Output the entries word for word. Omit images.

*** Block opens ***

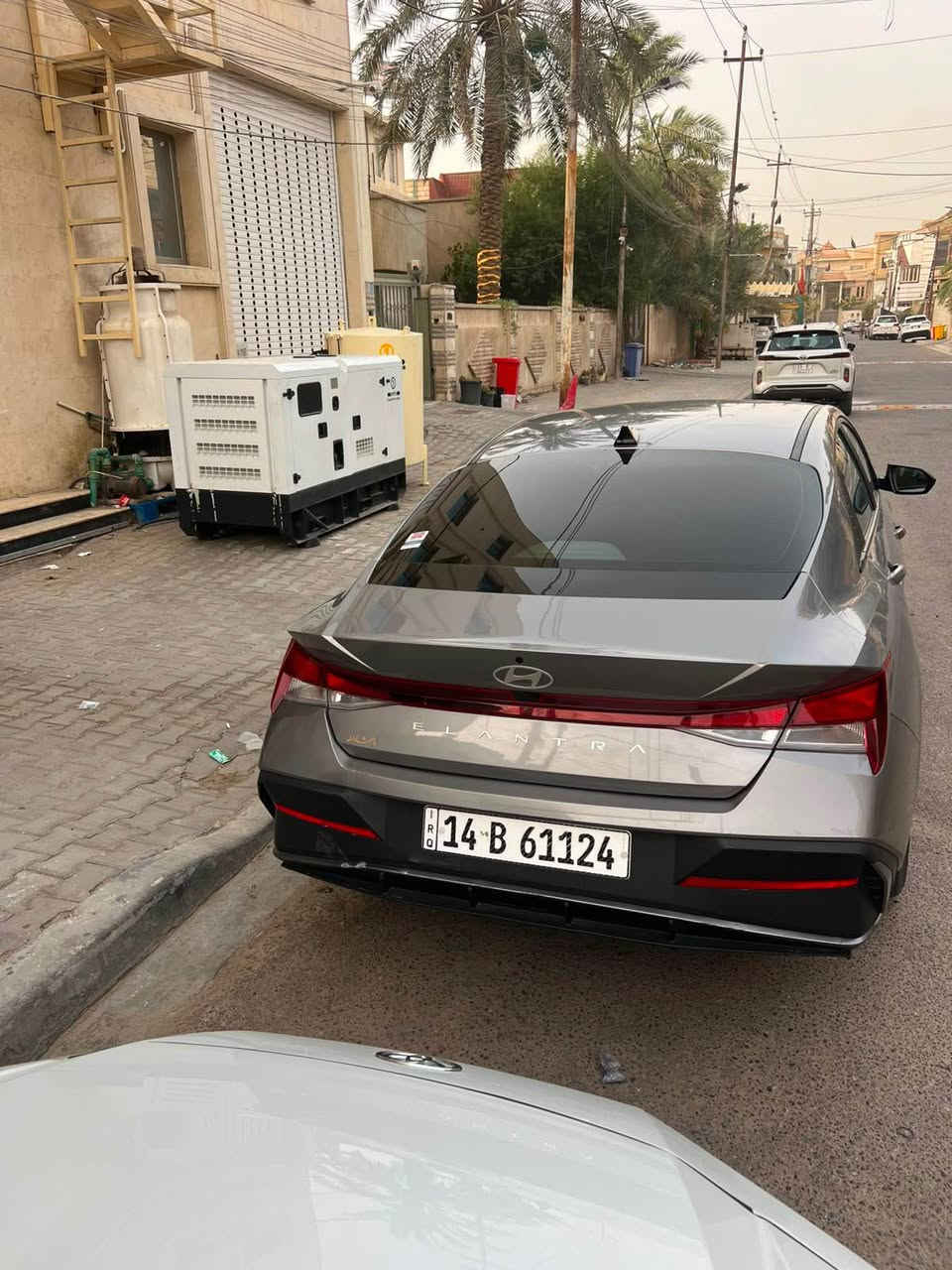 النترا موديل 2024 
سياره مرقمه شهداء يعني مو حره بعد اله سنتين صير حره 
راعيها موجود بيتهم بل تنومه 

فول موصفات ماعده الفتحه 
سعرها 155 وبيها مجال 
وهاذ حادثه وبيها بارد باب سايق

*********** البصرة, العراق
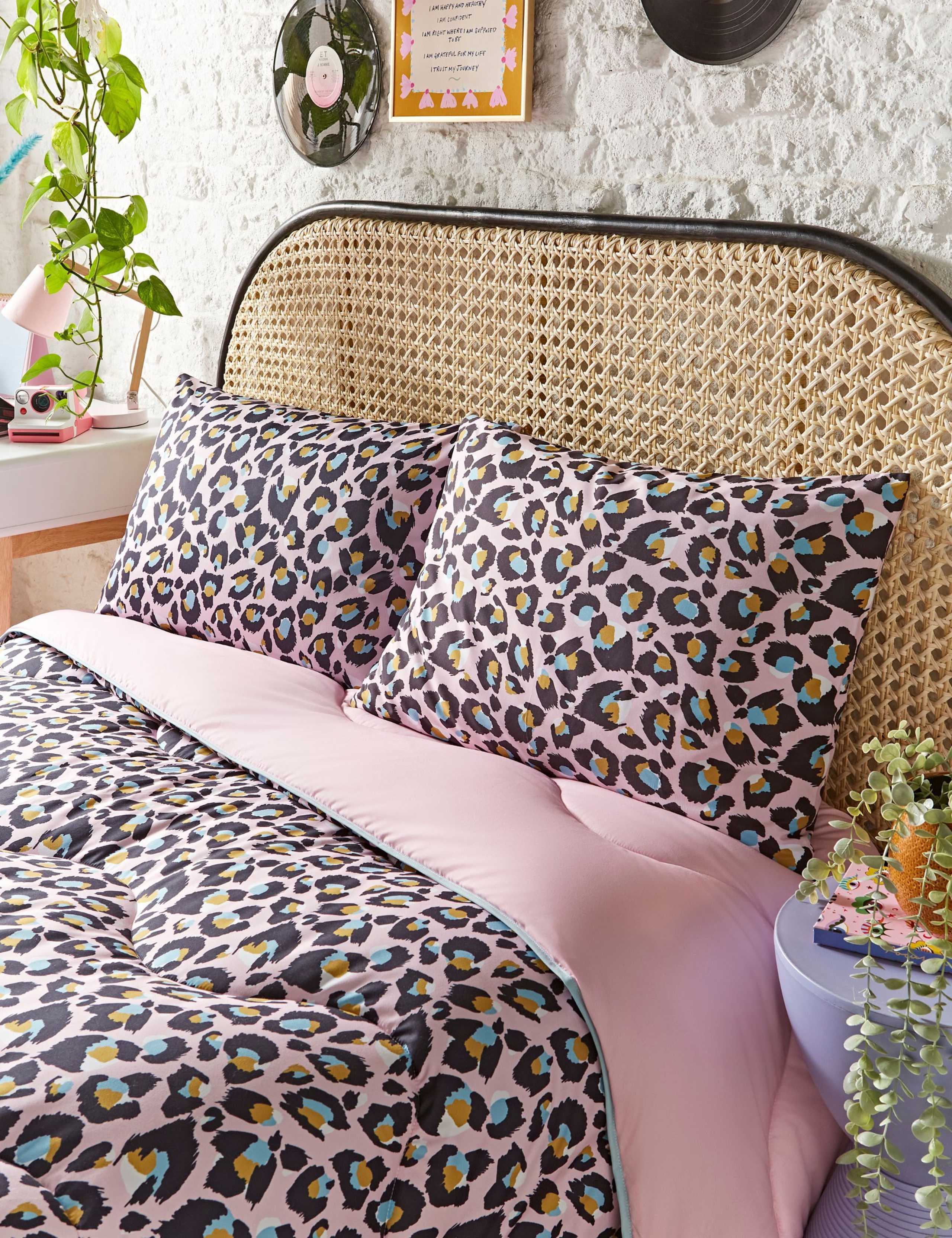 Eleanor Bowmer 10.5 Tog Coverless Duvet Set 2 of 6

*** Block closes ***

* [Exercise answer]
 النترا موديل 2024 
سياره مرقمه شهداء يعني مو حره بعد اله سنتين صير حره 
راعيها موجود بيتهم بل تنومه 

فول موصفات ماعده الفتحه 
سعرها 155 وبيها مجال 
وهاذ حادثه وبيها بارد باب سايق

*********** البصرة, العراق
 Eleanor Bowmer 10.5 Tog Coverless Duvet Set 2 of 6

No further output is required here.